= Sarah Carter (historian) =

Canadian historian

Sarah Alexandra Carter is a Canadian historian. She is a Professor Emeritus and the former Henry Marshall Tory Chair at the University of Alberta in both the Department of History and Classics and the Faculty of Native Studies with noted specialties in Indigenous and women's history.

==Career and honours==
Carter grew up in Saskatoon, Saskatchewan. As a student, she worked summer jobs at the historic sites of Fort Walsh and Fort Battleford. Carter has related that the exclusion of colonial history at such sites was a motivating factor in her pursuing further studies in history. She received her Bachelor of Arts in 1976 and her Master of Arts in 1981, both from the University of Saskatchewan, and her PhD from the University of Manitoba in 1987. Before joining the University of Alberta in 2006, Carter had taught at the University of Calgary, the University of Winnipeg, and the University of Manitoba.

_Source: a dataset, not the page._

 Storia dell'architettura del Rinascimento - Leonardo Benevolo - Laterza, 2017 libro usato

Carter's research, from her doctoral dissertation that became her first book, Lost Harvests, has focused on Western Canada's colonial history, and in particular the exclusion of Indigenous peoples and women throughout colonization and settlement of the Prairies. Her work has been recognized as fundamentally re-shaping historical understandings of the Prairies. For instance, her research into Canada's Peasant Farm Policy challenged long-standing views of farming on reserves, while her research on women and homesteading documented how early agricultural policy on the Canadian Prairies both extended Canadian colonial power and limited the political and economic power of women. Her work has also been influential beyond academia. For example, her research was important to the writing of the final report of the National Inquiry into Missing and Murdered Indigenous Women.

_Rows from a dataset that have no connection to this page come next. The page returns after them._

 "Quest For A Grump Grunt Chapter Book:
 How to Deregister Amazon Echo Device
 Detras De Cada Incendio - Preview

Carter has won numerous accolades throughout her career. Lost Harvests won the 1991 Clio Prize for the Prairies from the Canadian Historical Association, as did her 2008 book The Importance of Being Monogamous and her 2016 book Imperial Plots. The latter also won the Association's 2017 Sir John A. Macdonald Prize (now the CHA Best Scholarly Book in Canadian History Prize), one of the Governor General's History Awards, awarded to the book making the most significant contribution to Canadian history. In 2020, she was awarded a Killam Prize from the Canada Council, which recognizes substantial and distinguished contributions over a significant period to Canadian scholarly research. In June 2023, Carter was appointed as a Member of the Order of Canada, recognized for her "pioneering" historical and academic work.

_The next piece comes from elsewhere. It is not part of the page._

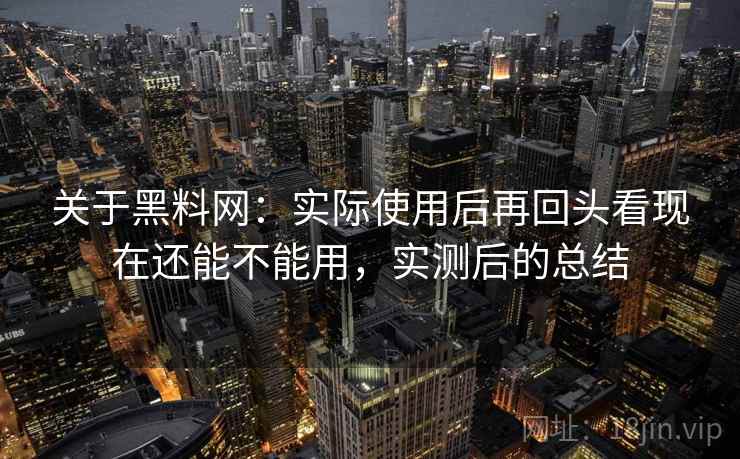 关于黑料网:实际使用后再回头看现在还能不能用,实测后的总结 关于黑料网:实际使用后再回头看现在还能不能用,实测后的总结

Carter contributed an introduction to the 2006 edition of the 1914 book Wheat and Woman by Georgina Binnie-Clark, a figure she also wrote about in Imperial Plots.

==Selected works==
- Lost Harvests: Prairie Indian Reserve Farmers and Government Policy. McGill-Queen's Press, 1990.
- The True Spirit and Original Intent of Treaty 7. With Treaty 7 Tribal Council, Walter Hildebrandt, and Dorothy First Rider. McGill-Queen's Press, 1996.
- Capturing Women: The Manipulation of Cultural Imagery in Canada's Prairie West. McGill-Queen's Press, 1997.
- Aboriginal People and Colonizers of Western Canada. University of Toronto Press, 1999.
- The Importance of Being Monogamous: Marriage and Nation Building in Western Canada. Athabasca University Press and University of Alberta Press, 2008.
- Imperial Plots: Women, Land, and the Spadework of British Colonialism on the Canadian Prairies. University of Manitoba Press, 2016.